My point is, don't believe your H yet. He does not deserve your trust at this point. Does he want to earn your trust? If so, then it'll be a long haul of him earning that trust back. If not, let him go and start the long haul of living a life without him. 

Either one will be difficult and painful, but you can only do the first one if he's come _totally_ clean, wants R, and can accept that he needs to earn back your trust.

I'm sorry if I sound harsh, but it's hard to hear a BS being so trusting of their WS so soon after d-day. That's the time the WS is most likely to lie and do damage control to make the discovery as "painless" as possible. Good luck and stay well!


----------



## daisygirl 41 (Aug 5, 2011)

Thanks all.
Yes I know I am still in denial. 
It's difficult to stop the feelings I have had for him for all this time and really see that I don't know this person at all because that means that my 18 year marriage has been a sham!
Saying that though Im as sure as I can be that he hasnt cheated before this. He WAS a devoted family man and always made me feel loved, but he is not the man I married and I know that now.
He is defensive and takes the slightest challenge as a criticism or as me being 'controlling'. He has become manipulative and he's seems to have a lot of resentment towards me.

Throughout this whole ordeal (10 months now) I have acted with dignity. I can hold my head up. I have always been a strong person, this has just crushed me. Apparently she is a gentle and soft person, very 'precious'. Needy and vulnerable! Something I have never been - until now!! How ironic!
I know he's a liar and a cheat.
I really am done!
_Posted via Mobile Device_


----------



## daisygirl 41 (Aug 5, 2011)

Jellybeans said:


> It's VERY easy to move from EA to PA, Daisy.
> 
> My advice to you, since he is still having an affair, is to tell him to GTFO. That you won't tolerate having a cheating spouse in your home around your children.
> 
> He's already told you he wants a divorce so give it to him. Do not waste your life.


Hey JB yes you were right all along!
I asked him if he wanted a divorce twice and he said no!
Maybe he just wants me to do it!
Funny that!
Because that wld be me taking control again!! Something he has said he is done with!
_Posted via Mobile Device_


----------



## daisygirl 41 (Aug 5, 2011)

For some reason I still blame myself for all of this! I have such deep seated regret about so much. When I stand my ground I always back down and feel like I have to apologise to him. This is something I really need help with. 
X
_Posted via Mobile Device_


----------



## Thorburn (Nov 23, 2011)

Like someone posted in the past. 50% of the marriage problems prio to an A are shared. Infidelity 100% him. 

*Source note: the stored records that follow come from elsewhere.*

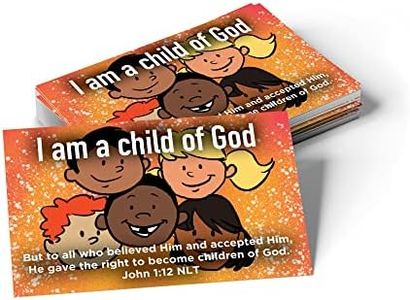 I am a Child of God, John 1:12, Bulk Pack of 25 Affirmation Scripture Cards for Kids, Pass it On Christian Bible Verse Cards for Sunday School, Childrens Church, & Youth Group Ministry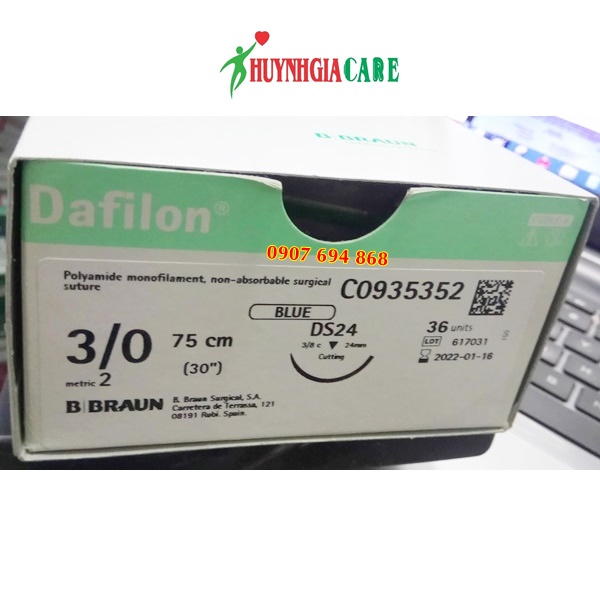 Chỉ phẫu thuật dafilon 3/0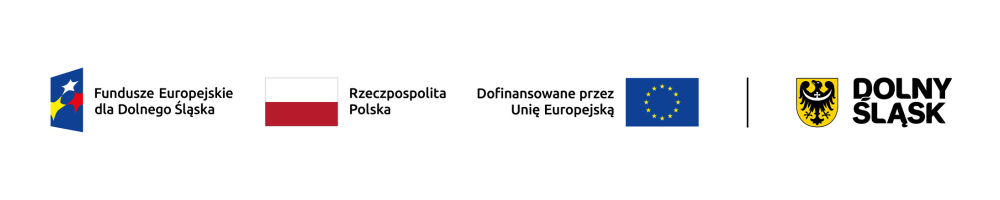 belka z logotypami podmiotów Unii Europejskiej oraz województwa dolnośląskiego, wskazująca na sponsorów i fundatorów konkursu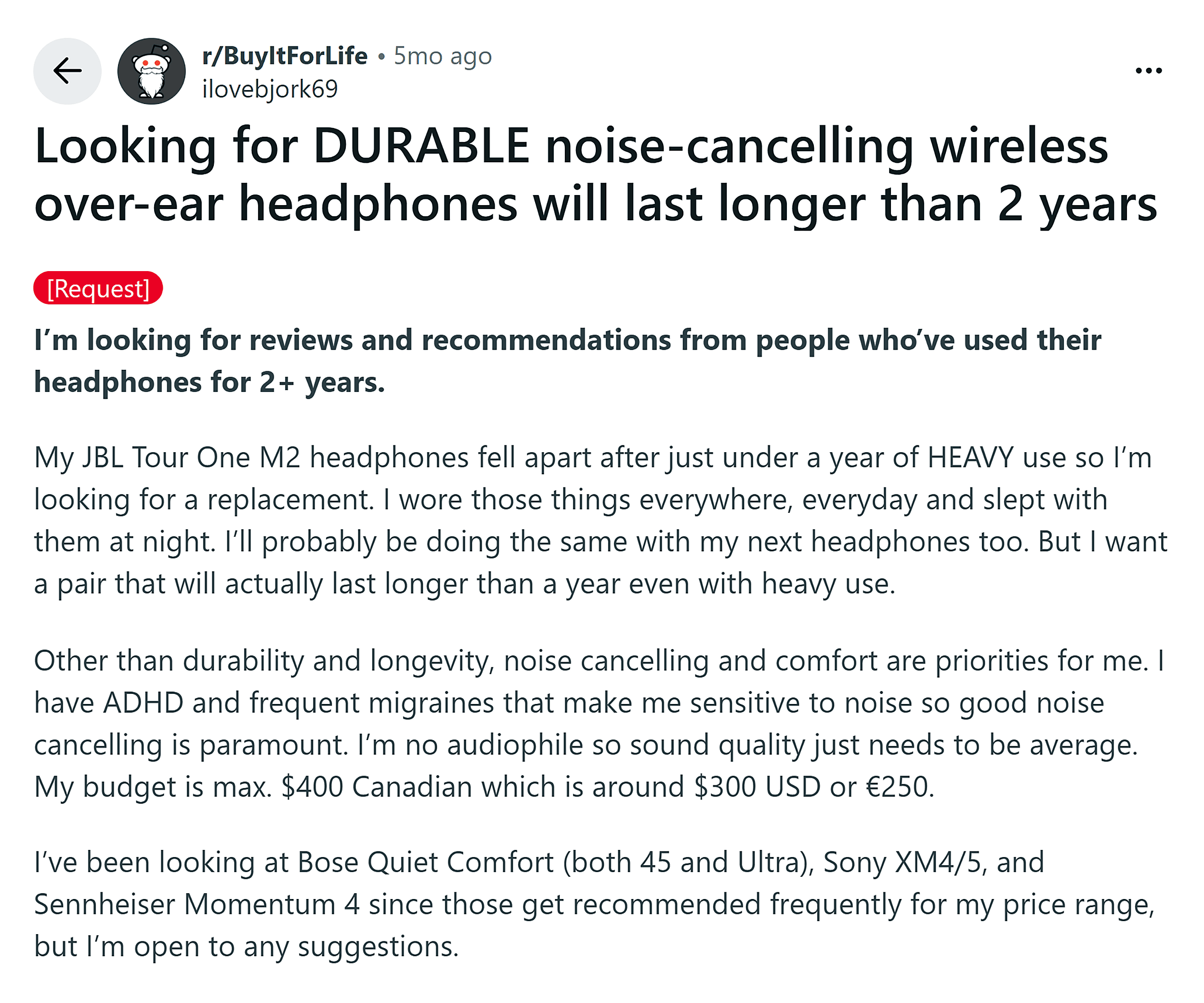 Reddit – Durable noise cancelling headphones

The cheating was not your fault.

Stop apologizing. Stop it.

You feel this way out of hurt, pain and a false sense that you were somehow fully or partly to blame. Stop it please. You did not make him do it. I wanted to apologize to my WS but did not. During the worse of it I stopped myself short and said, WTF, why do I feel this need to apologize, what the hel* did I do? I did nothing to make her cheat and YOU DID NOTHING TO MAKE HIM CHEAT.

So stop apologizing.


----------



## Beowulf (Dec 7, 2011)

Thorburn said:


> Like someone posted in the past. 50% of the marriage problems prio to an A are shared. Infidelity 100% him.
> 
> The cheating was not your fault.
> 
> ...


I cannot agree enough. You are in no way responsible for his affair. It's all him. 100%

As to your original question...have you ever sneezed? That's how quick an EA can become a PA. I'm not exaggerating. And btw kissing *IS* a PA. As long as he is in any type of affair do not even consider reconciliation. In fact, until he ends his affair you should be going dark. No contact unless it is absolutely necessary.


----------



## daisygirl 41 (Aug 5, 2011)

Beowulf said:


> I cannot agree enough. You are in no way responsible for his affair. It's all him. 100%
> 
> As to your original question...have you ever sneezed? That's how quick an EA can become a PA. I'm not exaggerating. And btw kissing *IS* a PA. As long as he is in any type of affair do not even consider reconciliation. In fact, until he ends his affair you should be going dark. No contact unless it is absolutely necessary.


This is a genuine question Beowulf and I respect your opinion.
Why do I need to go dark? 
I have resigned myself to the fact that out marriage is over (ok I Stiill have a tiny bit of hope) so why do I need to go dark?
Is it to make him realise what he is missing or to protect myself?
At the moment my instincts tell me it's ok to be in contact and be 'friends' so this is as easier on me and the kids as possible.
Have I just lost the plot completely or what?
I just dont know anymore!!
_Posted via Mobile Device_


----------



## daisygirl 41 (Aug 5, 2011)

Thorburn said:


> Like someone posted in the past. 50% of the marriage problems prio to an A are shared. Infidelity 100% him.
> 
> The cheating was not your fault.
> 
> ...


Yes I will
I have been told!
Thankyou : - )
_Posted via Mobile Device_


----------



## Beowulf (Dec 7, 2011)

daisygirl 41 said:


> This is a genuine question Beowulf and I respect your opinion.
> Why do I need to go dark?
> I have resigned myself to the fact that out marriage is over (ok I Stiill have a tiny bit of hope) so why do I need to go dark?
> Is it to make him realise what he is missing or to protect myself?
> ...


_Why do I need to go dark? Is it to make him realise what he is missing or to protect myself?_ Short answer...yes.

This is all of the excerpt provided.